Hey, this is a really nice and deceptively speedy model, at least running on the latest LM Studio. Do you have any intention of doing the same with an ablated version of the base model at all?
Hey ;
Unclear at the moment, if abliterated version will stand up to 40x "changes" , however there are 20x and 5x abliterated.
TAMER VERSIONS:
These are also versions using "Brainstorm", but the adapter is both smaller, and less active.
20X: (links to GGUF quants at the repo)
https://huggingface.co/DavidAU/Qwen3-42B-A3B-Stranger-Thoughts-Deep20X
https://huggingface.co/DavidAU/Qwen3-42B-A3B-Stranger-Thoughts-Deep20x-Abliterated-Uncensored
5X: (links to GGUF quants at the repo)
https://huggingface.co/DavidAU/Qwen3-33B-A3B-Stranger-Thoughts-IPONDER
https://huggingface.co/DavidAU/Qwen3-33B-A3B-Stranger-Thoughts-IPONDER-Abliterated-Uncensored
Additional versions based on 16B-A3B - a pruned version of the 30B, but 64 experts:
20X: (links to GGUF quants at the repo; these ones are very ahh... modified.)

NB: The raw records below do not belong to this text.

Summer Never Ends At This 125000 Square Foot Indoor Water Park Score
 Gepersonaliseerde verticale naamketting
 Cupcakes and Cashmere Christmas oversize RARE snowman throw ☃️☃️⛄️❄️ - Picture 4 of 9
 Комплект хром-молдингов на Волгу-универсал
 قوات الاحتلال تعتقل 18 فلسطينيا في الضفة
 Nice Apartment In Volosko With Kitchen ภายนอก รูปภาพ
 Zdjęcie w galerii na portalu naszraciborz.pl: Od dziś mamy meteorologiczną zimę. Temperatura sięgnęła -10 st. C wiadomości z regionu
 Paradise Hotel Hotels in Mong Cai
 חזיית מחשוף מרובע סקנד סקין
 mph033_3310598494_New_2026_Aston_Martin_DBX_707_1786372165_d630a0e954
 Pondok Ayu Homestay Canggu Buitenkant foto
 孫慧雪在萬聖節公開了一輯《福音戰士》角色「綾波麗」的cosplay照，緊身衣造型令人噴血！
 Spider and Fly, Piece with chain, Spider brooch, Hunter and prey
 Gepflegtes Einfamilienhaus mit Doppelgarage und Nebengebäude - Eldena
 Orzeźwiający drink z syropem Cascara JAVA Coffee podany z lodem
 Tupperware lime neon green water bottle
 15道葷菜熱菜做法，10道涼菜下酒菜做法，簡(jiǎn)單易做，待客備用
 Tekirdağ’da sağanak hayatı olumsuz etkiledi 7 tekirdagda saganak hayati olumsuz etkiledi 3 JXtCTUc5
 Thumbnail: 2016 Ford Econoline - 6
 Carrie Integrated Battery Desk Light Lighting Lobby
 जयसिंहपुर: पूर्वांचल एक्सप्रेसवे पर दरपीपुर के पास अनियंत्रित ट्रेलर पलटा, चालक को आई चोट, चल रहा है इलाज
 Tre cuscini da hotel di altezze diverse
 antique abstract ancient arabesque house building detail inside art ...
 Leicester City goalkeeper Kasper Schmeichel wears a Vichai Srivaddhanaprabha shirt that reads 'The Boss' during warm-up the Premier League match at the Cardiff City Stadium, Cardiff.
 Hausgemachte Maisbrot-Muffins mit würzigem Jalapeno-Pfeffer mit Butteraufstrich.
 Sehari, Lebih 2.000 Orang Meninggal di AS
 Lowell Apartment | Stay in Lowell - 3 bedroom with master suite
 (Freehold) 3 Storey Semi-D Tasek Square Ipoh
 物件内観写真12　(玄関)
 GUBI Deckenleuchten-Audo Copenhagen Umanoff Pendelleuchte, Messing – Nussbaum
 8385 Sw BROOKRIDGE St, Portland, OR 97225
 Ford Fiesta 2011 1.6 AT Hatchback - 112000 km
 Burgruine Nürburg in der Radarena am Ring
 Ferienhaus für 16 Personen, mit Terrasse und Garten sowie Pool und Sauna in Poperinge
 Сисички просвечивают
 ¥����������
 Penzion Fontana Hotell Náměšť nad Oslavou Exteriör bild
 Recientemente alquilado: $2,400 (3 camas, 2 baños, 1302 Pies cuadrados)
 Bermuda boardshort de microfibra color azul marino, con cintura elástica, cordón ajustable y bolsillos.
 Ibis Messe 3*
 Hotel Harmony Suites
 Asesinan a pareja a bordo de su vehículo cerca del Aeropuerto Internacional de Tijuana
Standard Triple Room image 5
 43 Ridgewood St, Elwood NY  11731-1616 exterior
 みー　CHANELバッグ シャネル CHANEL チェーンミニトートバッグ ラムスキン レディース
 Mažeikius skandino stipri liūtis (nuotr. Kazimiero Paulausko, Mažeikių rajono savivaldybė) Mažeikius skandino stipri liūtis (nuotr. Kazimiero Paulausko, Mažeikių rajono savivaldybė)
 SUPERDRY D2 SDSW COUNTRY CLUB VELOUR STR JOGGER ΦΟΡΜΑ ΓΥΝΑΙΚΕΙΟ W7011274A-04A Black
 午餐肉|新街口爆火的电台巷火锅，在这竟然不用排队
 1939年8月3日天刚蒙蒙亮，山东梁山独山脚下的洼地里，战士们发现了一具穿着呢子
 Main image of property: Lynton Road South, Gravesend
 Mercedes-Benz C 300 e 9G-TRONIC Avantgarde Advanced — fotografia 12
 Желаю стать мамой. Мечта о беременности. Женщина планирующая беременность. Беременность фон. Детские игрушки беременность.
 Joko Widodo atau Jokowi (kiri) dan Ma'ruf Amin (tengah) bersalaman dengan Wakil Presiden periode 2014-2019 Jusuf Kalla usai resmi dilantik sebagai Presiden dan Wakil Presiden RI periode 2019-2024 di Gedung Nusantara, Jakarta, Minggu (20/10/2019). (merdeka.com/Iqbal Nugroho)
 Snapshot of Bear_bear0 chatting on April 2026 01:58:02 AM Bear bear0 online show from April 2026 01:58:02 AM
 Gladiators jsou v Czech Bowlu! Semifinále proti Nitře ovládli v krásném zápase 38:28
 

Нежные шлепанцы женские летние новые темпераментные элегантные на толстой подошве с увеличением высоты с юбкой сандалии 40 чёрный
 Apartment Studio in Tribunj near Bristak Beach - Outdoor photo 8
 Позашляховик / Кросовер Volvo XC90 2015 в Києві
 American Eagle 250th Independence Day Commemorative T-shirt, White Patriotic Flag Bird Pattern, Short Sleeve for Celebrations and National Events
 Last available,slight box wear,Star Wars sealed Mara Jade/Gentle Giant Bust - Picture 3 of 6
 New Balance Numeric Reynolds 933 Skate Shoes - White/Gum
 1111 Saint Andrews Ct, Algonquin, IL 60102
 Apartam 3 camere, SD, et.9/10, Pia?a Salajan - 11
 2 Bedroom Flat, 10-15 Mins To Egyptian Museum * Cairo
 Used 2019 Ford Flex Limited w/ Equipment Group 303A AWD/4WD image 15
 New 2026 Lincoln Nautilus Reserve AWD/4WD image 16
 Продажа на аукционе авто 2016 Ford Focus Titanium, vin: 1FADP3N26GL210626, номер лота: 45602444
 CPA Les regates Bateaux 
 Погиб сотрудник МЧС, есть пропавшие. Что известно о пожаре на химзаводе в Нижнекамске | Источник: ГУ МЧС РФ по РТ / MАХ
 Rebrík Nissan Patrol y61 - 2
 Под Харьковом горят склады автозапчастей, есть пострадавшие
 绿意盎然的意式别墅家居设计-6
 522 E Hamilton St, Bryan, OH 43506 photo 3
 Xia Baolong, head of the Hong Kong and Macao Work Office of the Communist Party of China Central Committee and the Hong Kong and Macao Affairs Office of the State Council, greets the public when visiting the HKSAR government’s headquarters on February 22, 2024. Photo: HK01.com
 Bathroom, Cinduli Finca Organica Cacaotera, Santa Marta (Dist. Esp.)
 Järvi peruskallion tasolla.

https://huggingface.co/DavidAU/Qwen3-22B-A3B-The-Harley-Quinn
https://huggingface.co/DavidAU/Qwen3-22B-A3B-The-Harley-Quinn-PUDDIN-Abliterated-Uncensored
5X: (links to GGUF quants at the repo)
https://huggingface.co/DavidAU/Qwen3-18B-A3B-Stranger-Thoughts-IPONDER
https://huggingface.co/DavidAU/Qwen3-18B-A3B-Stranger-Thoughts-IPONDER-Abliterated-Uncensored
Thanks for the info, appreciate it. Hope the 40x takes hold!
I'm also using mrademacher's q8 quant of Stranger Thoughts Deep20x, and that's extremely good too, albeit a bit slower. If you do manage to get it working with the 40x, I'd be keen to have a look and see how it works with MLX. Good luck with further experimentation!